What if we have completely different ideas of what is threatened? If I think that Scotland is a highly tolerant country, my view of whether Scottish culture is threatened might be different to that of somebody else who has a less tolerant view of a particular aspect of our society. Therefore, education could be counter-productive, because we do not know the base from which we are educating.
I take two lessons from the findings on cultural threat. In so far as someone who assents to the proposition that Scottish culture is threatened is more likely to say that they are not too sure about a gay man, a lesbian or somebody from an ethnic minority being a primary school teacher, we have a clue that their conception of Scotland might not necessarily be the tolerant image that you may have. However, that is quite an important clue and suggests that it might be helpful to have a strategy that suggests to people that Scotland is a society that embraces those groups.
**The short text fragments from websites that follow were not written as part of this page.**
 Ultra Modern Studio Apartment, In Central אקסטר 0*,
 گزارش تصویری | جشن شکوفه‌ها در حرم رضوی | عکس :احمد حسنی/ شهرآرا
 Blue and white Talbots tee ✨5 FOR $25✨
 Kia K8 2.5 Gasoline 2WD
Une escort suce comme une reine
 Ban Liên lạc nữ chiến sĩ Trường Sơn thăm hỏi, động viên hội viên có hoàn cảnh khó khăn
Equally, I accept that people are partly saying, "Those people are different from me. I'm Scottish, but those people are not; they are different." Therefore, you must also try to deal with what makes people feel different and present a sense of commonality. I can give you some clues about beneficial messages even without necessarily fully unpacking what every respondent understands by Scottish culture and identity.
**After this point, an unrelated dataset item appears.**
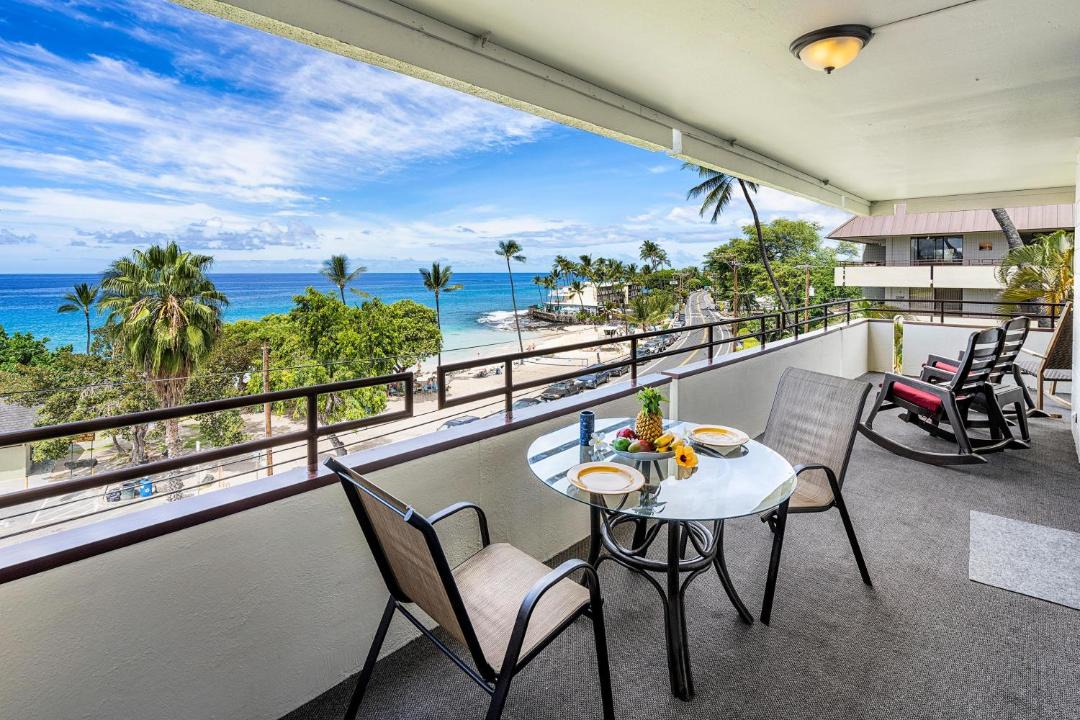 Photo of Patio Balcony in Kahaluu Bay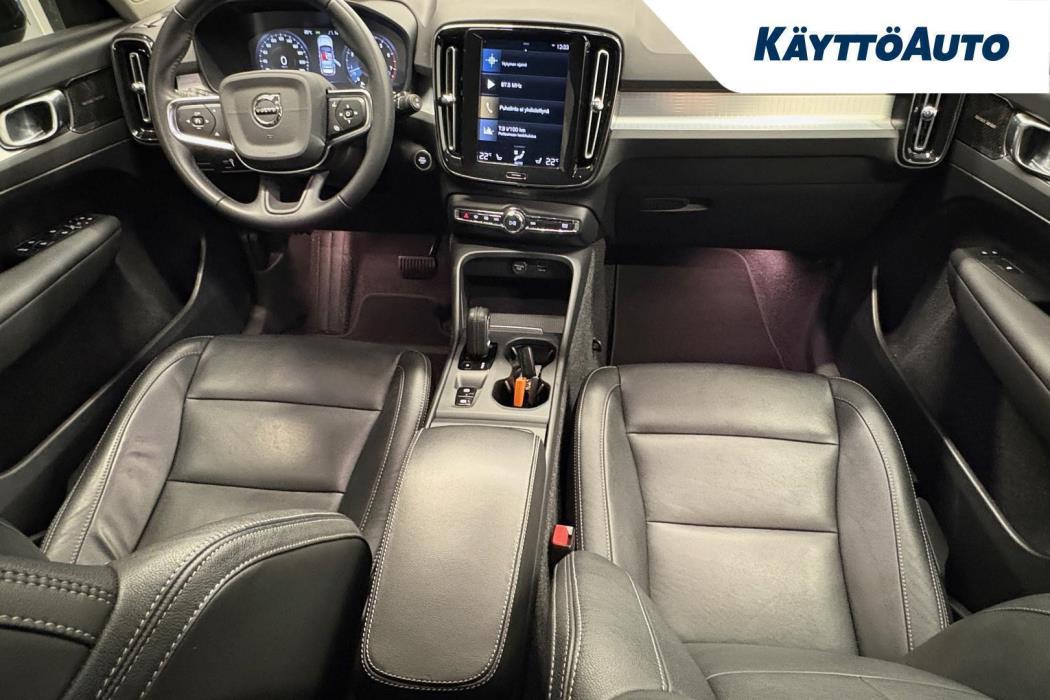 VOLVO XC40 2020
I am always interested in how the media respond to the power of soap operas, drama and shock value. However, my question is about legislation. The report states that the definition of discrimination that you use in your research
"is not embedded in current legal definitions".
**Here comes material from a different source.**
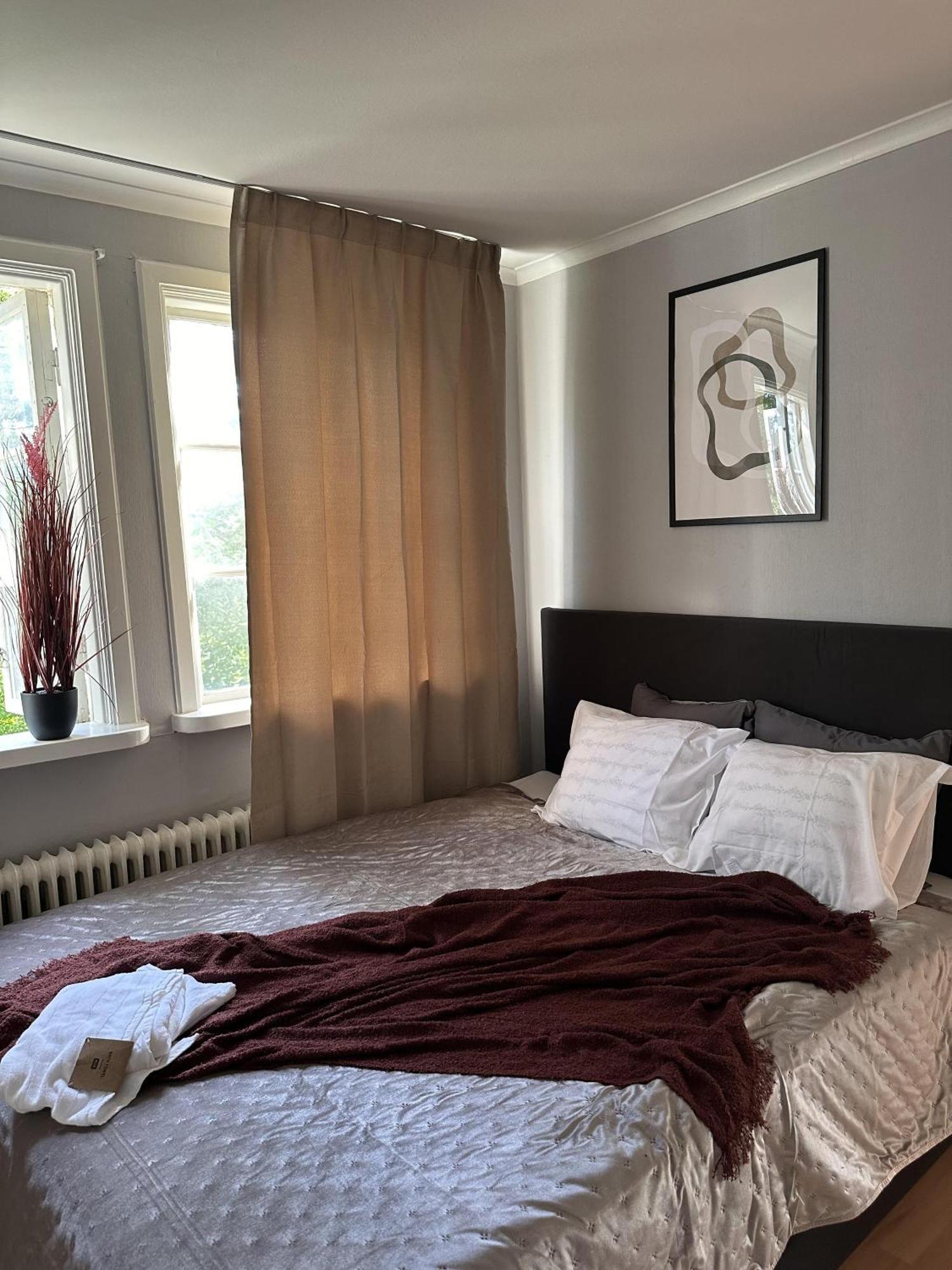 - 5-beds - Sleeps 12 - Garden *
Given that legislation has played a significant role in tackling discrimination, how useful is your definition for policy makers and legislators?
I would say that it is far more useful than if it were embedded in legal definitions. The first thing to remember is that we are talking about discriminatory attitudes. I take the view that the state is capable of discriminating. Historically, it has discriminated against the various groups that I mentioned and, for gay men and lesbians, it still discriminates as far as marriage is concerned. Therefore, taking legal definitions does not necessarily provide a clear understanding of discrimination.
Our definition is essentially that someone says that certain people are not entitled to engage in a practice, behaviour or activity that they would regard as acceptable for most people. Using such a conceptual definition means that we can examine, for example, attitudes to marriage partners. That is an area on which the state may never want or feel able to legislate, but it provides some important clues about attitudes in our society. If we regard it as an indicator of the degree to which people feel able or unable to marry across social groups in our society, it gives us some clues about some of the barriers that may stand in the way of that. Using a non-legal definition means that we are free to examine attitudes in such a way that we may be better placed to understand their origins. It also means that we do not confine ourselves to what the state, at any one point in time, regards as acceptable or unacceptable.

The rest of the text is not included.